=== Task description ===
Within the entries below, please return exactly the lines from the one with "Двигатель бензиновый LIFAN" through the one with "Prom Party jurken", leaving out any pictures.

=== Listed entries ===
-=-=-

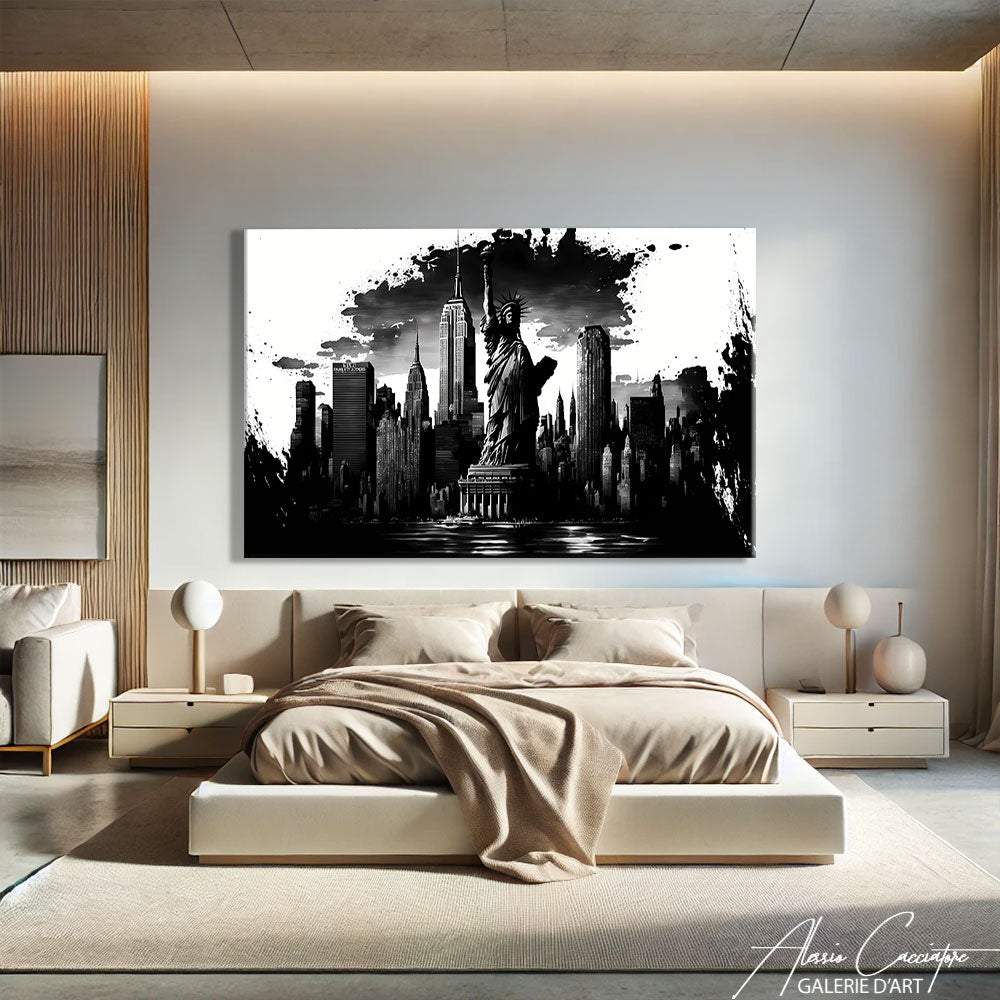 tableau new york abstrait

-=-=-

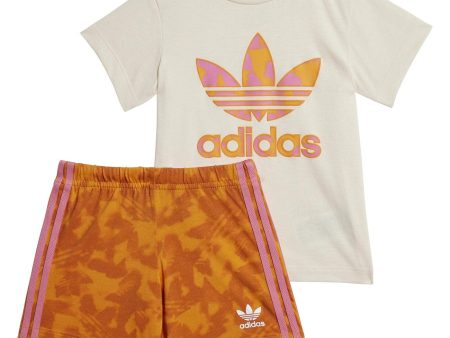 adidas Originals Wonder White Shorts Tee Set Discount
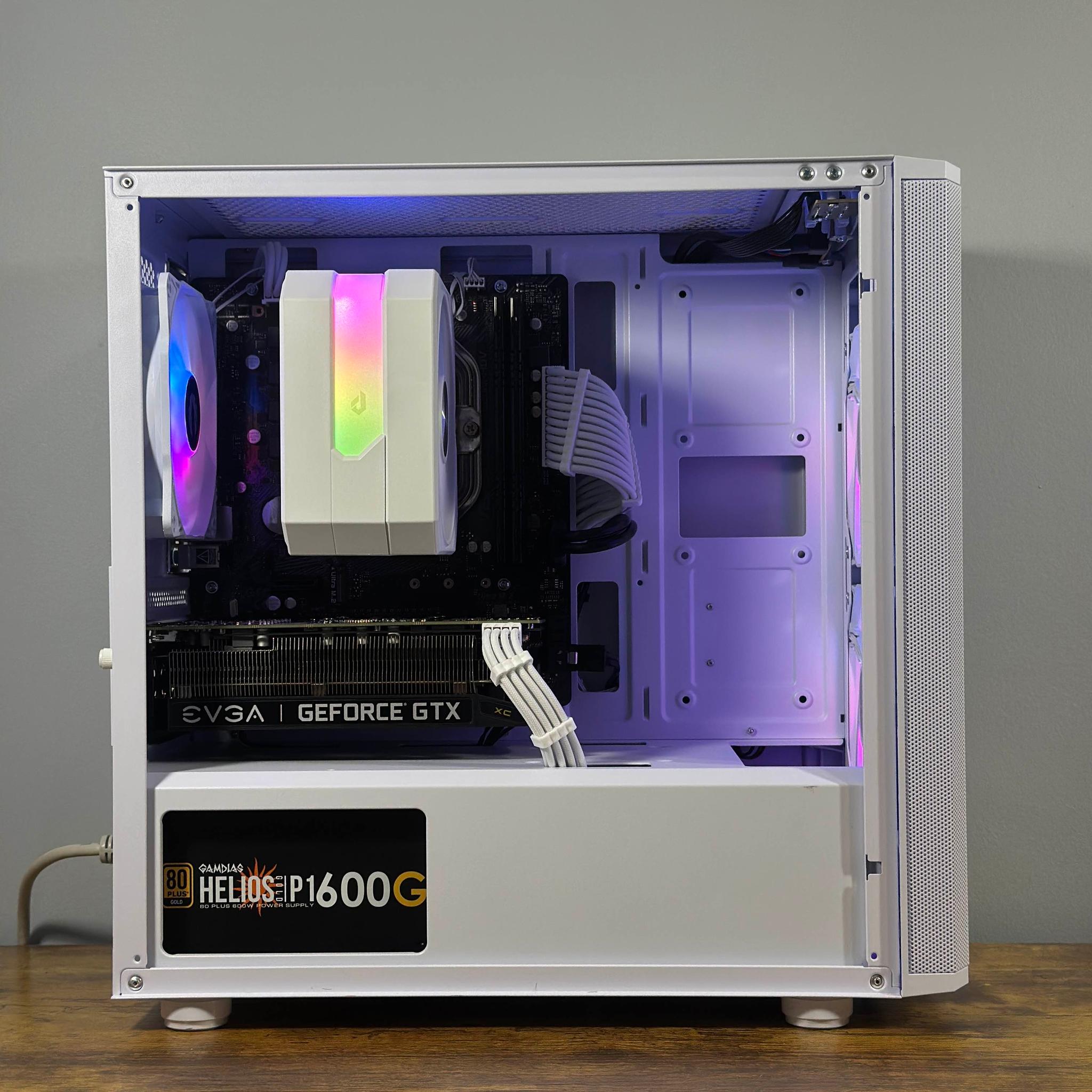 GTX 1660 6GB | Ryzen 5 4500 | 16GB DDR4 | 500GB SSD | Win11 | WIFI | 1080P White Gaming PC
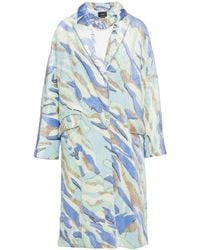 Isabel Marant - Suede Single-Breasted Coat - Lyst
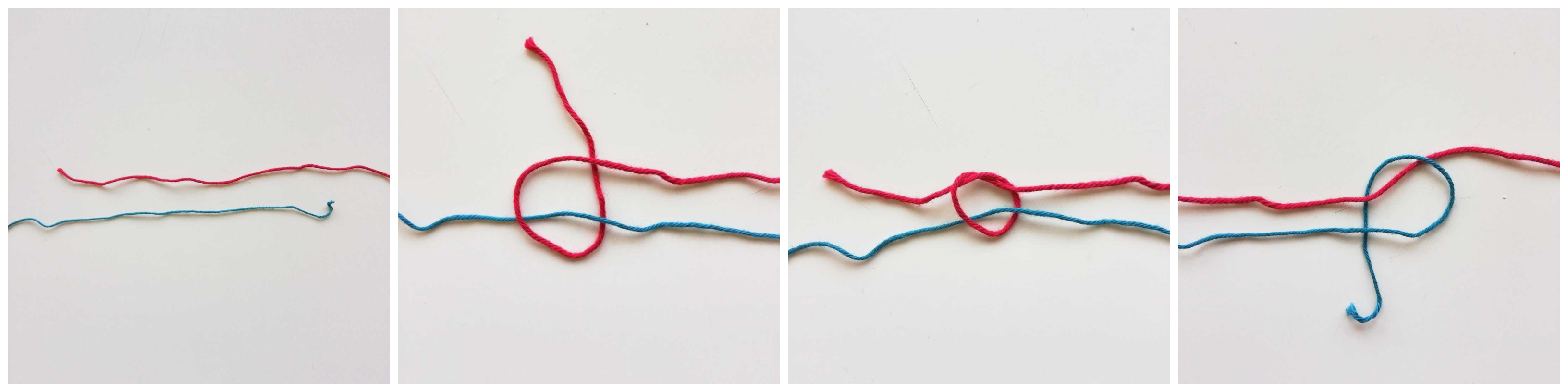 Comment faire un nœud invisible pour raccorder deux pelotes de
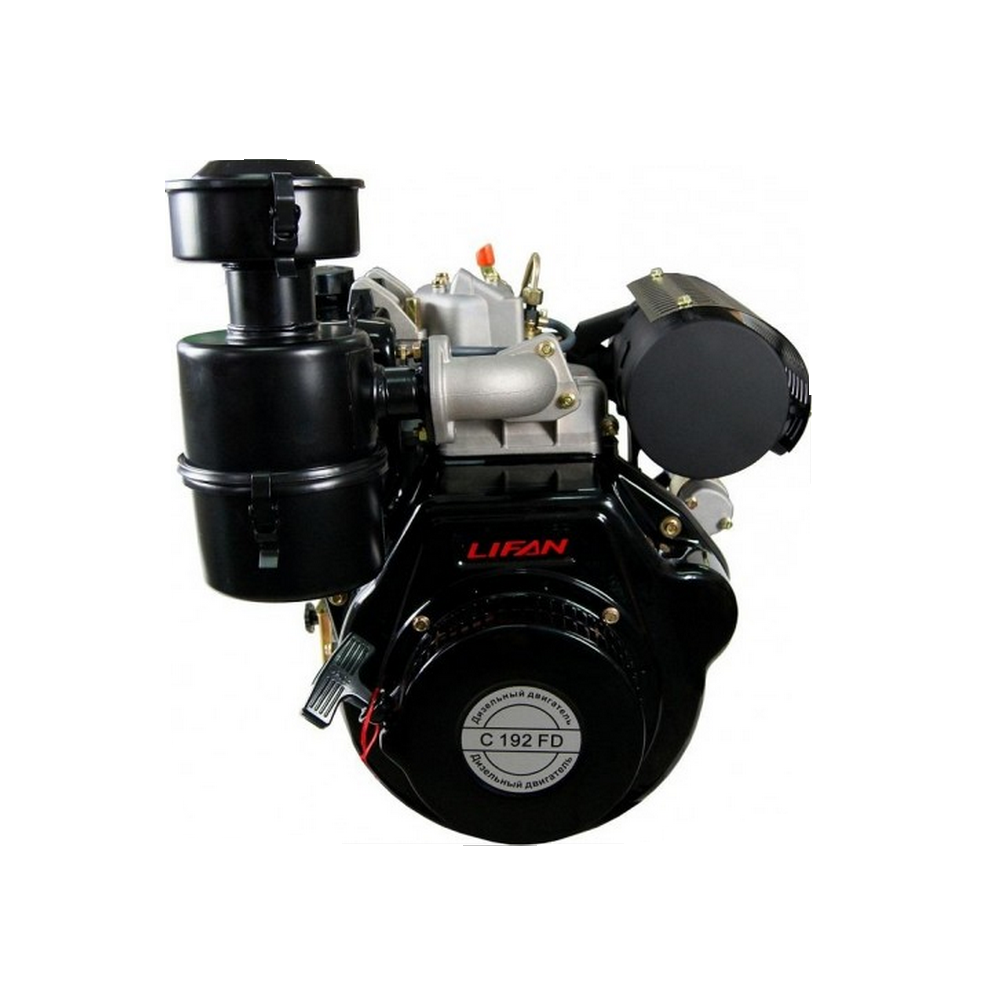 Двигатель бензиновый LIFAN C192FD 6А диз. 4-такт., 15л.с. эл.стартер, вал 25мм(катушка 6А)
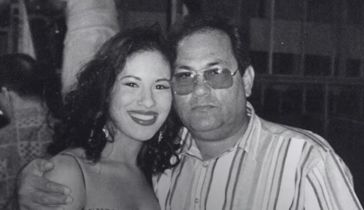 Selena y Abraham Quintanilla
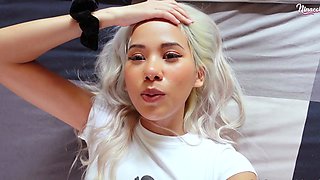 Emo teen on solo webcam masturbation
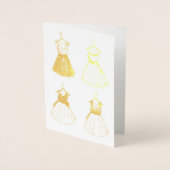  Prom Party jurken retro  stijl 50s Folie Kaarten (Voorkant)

-=-=-

=== Task output ===
 Двигатель бензиновый LIFAN C192FD 6А диз. 4-такт., 15л.с. эл.стартер, вал 25мм(катушка 6А)
 Selena y Abraham Quintanilla
 Emo teen on solo webcam masturbation
  Prom Party jurken retro  stijl 50s Folie Kaarten (Voorkant)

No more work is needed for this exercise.